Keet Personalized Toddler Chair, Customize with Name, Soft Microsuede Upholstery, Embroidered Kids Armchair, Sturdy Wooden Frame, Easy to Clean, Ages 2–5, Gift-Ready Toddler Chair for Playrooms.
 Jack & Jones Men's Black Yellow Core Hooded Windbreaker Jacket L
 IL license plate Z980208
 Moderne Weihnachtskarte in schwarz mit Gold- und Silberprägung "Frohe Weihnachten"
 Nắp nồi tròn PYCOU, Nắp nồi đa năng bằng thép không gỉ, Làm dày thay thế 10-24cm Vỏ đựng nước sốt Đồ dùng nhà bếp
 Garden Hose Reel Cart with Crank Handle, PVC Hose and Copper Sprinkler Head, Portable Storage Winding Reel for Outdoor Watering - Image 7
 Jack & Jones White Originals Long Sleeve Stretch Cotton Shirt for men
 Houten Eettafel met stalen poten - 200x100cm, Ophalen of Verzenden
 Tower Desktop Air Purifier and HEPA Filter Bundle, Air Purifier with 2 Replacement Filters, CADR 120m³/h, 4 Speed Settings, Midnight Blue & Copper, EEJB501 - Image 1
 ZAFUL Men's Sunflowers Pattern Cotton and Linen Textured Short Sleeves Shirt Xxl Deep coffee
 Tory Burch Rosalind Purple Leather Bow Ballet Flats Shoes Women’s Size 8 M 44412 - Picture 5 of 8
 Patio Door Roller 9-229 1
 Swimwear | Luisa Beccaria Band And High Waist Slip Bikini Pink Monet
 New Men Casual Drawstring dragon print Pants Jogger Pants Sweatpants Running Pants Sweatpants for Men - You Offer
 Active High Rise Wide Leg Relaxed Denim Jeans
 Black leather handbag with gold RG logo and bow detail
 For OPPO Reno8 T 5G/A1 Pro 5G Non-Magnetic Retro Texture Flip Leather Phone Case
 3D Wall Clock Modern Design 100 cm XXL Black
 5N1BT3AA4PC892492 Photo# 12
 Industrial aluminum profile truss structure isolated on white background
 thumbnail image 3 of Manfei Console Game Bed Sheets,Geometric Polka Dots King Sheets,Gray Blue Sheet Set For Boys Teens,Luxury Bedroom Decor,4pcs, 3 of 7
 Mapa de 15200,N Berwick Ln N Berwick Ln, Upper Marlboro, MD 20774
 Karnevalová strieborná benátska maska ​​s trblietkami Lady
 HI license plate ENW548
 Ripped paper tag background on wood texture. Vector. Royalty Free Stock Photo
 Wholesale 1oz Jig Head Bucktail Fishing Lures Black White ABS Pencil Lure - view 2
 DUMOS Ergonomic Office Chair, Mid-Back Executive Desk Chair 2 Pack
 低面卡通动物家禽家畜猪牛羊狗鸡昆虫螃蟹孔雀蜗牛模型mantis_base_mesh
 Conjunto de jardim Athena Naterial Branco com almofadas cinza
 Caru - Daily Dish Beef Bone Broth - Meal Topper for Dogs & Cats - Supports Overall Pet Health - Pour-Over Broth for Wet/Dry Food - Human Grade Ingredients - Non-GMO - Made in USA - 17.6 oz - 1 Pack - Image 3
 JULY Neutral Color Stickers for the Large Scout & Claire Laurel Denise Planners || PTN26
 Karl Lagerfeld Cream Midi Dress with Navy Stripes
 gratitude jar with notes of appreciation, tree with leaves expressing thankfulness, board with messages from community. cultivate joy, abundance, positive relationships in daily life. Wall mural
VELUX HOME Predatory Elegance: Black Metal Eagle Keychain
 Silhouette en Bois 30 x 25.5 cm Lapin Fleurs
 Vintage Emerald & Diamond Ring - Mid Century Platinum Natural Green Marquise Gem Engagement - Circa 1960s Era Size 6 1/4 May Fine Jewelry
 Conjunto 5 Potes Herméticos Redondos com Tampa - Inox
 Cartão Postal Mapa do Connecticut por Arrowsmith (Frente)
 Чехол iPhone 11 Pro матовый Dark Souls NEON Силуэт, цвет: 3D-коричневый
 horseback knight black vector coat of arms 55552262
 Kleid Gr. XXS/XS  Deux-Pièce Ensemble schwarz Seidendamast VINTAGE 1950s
------------
The problem:
Above are the entries. Quote exactly the lines from the one bearing "Jack & Jones Men's" through the one bearing "Houten Eettafel met".

Task answer:
 Jack & Jones Men's Black Yellow Core Hooded Windbreaker Jacket L
 IL license plate Z980208
 Moderne Weihnachtskarte in schwarz mit Gold- und Silberprägung "Frohe Weihnachten"
 Nắp nồi tròn PYCOU, Nắp nồi đa năng bằng thép không gỉ, Làm dày thay thế 10-24cm Vỏ đựng nước sốt Đồ dùng nhà bếp
 Garden Hose Reel Cart with Crank Handle, PVC Hose and Copper Sprinkler Head, Portable Storage Winding Reel for Outdoor Watering - Image 7
 Jack & Jones White Originals Long Sleeve Stretch Cotton Shirt for men
 Houten Eettafel met stalen poten - 200x100cm, Ophalen of Verzenden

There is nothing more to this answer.